The pioneer chairman of the Economic and Financial Crimes Commission, said in accepting the new job, he went back to the philosophy of his parents that an honest public service was the greatest asset a person could offer his community.

He said, “It is all about the community, and it is sometimes bigger than our personal egos. This therefore is a national call. In answering it, I go back to the template of my own parents, who taught me that an honest public service is the greatest asset a person can offer his community.

“Regardless of our affiliations, our differences, and our engagements, it is at least safe to say that we have a national consensus, on the deadly impact of corruption on the march to greatness, and on the capacity of our people, particularly the youth, to earn a decent, promising life.”

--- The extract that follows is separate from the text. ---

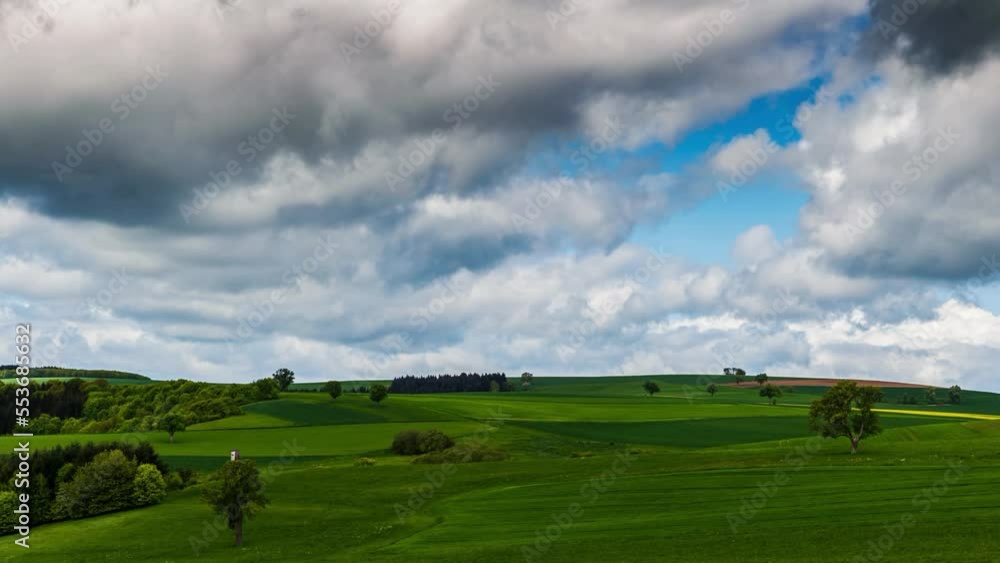 time lapse of idyllic meadow and clouds time lapse of idyllic meadow and clouds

According to Ribadu, Nigerians must see corruption as a prominent national security threat.

The former EFCC boss said, “We must see it as a war within our borders, a war that has assumed a systemic and endemic character, but to which all must now urgently enlist with our different capacities, or accept to all go down with the ship.”

He stated that it was appropriate for him to serve the country, having offered similar services to many foreign nations, including Afghanistan.

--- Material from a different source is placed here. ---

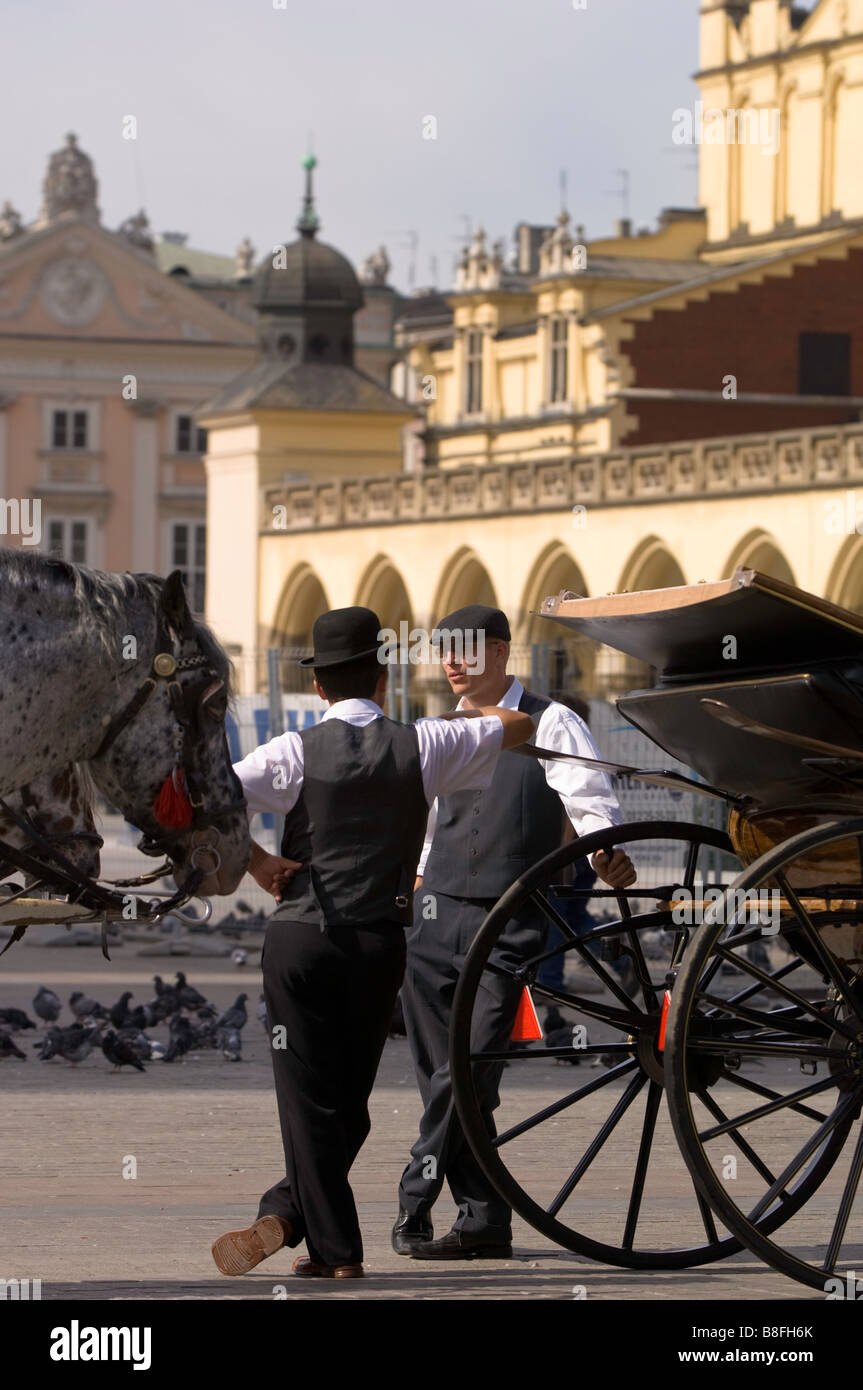 Pologne Cracovie calèches sur Rynek Glowny cochers chatting lors du freinage Banque D'Images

Ribadu said, “This, if nothing, makes my decision very personal, freeing all affiliations (social and political) of complicity, but investing the decision also with the unique character that when people reach an evaluation in favour of their larger communities, it doesn’t necessarily blemish their moral identity.”

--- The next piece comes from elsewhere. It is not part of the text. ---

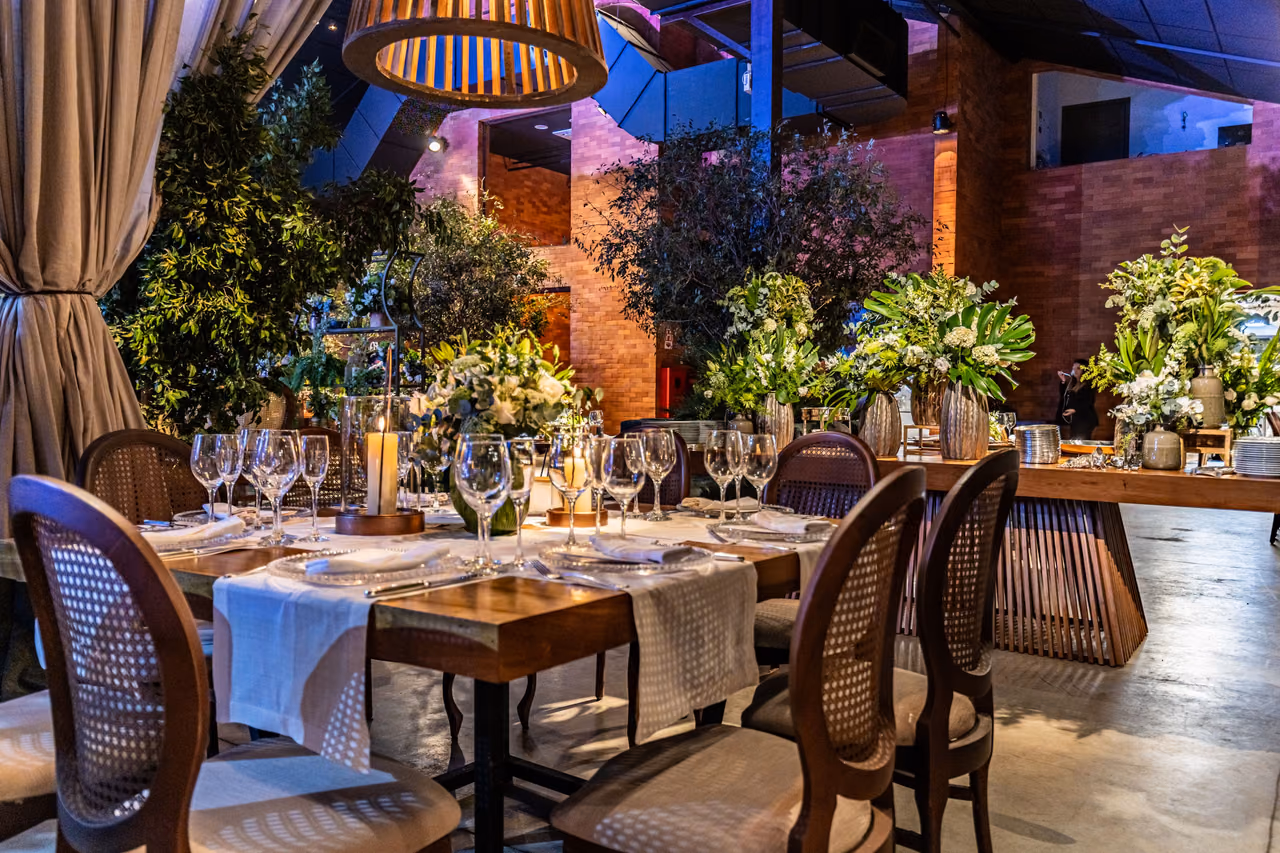 Restaurant tables set with wine glasses and white napkins among potted plants under warm pendant lights.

But the ACN said it could not “in good conscience” work with the Jonathan administration because it had demonstrated that it could not be trusted.

The party said, “On the vexed issue of removal of petroleum subsidy, it is on record that our party, the Action Congress of Nigeria, responded with patriotic and constructive suggestions during a meeting with the President in Abuja.

“At the end of that meeting, President Jonathan promised to further consult with us before taking any further step in respect of the matter. True to the deceptive nature of this administration, we all woke up on January 1, 2012, to learn that the government has unilaterally removed subsidy from petrol.

“How can we be sure that these slew of appointments are not being used by the administration to shore up its sagging – or totally sagged – credibility?

“After all, one can never be sure going by the deceptive nature of the PDP that the kind of appointment now being offered to Mallam Ribadu is being made in good faith or just to get credible people to launder the government’s badly damaged image and credibility.

‘’There is also the possibility that booby-traps will be deliberately set for such credible personalities to guarantee their failure in their stated assignment, after which they will be ridiculed and dumped like an ordinary chump.”

Another opposition party, the Congress for Progressive Change, said that it was not excited by the setting up of the petroleum revenue task force.

Its National Publicity Secretary, Mr. Rotimi Fashakin, said, “We wish Ribadu well. We also hope that the appointment came with sincerity on the part of the Federal Government.

“Ribadu was able to achieve what he did while in the EFCC because of the support he got from the former President, Chief Olusegun Obasanjo.

“If he thinks he can achieve that under the present dispensation, well, he should think twice. But we pray that he won’t be disappointed at the end of the day.”

Meanwhile, a group known as Human Rights Writers Association on Wednesday said the task force to be headed by Ribadu was illegal and “a total affront to the principle of the rule of law.”

Executive Director of HURIWA, Emmanuel Onwubiko, said in a statement that the formation of the task force was “a surreptitious attempt by the Federal Government to usurp the constitutional functions of the widely respected Nigeria Extractive Industry Transparency Initiative enshrined in the NEITI Act of 2007.”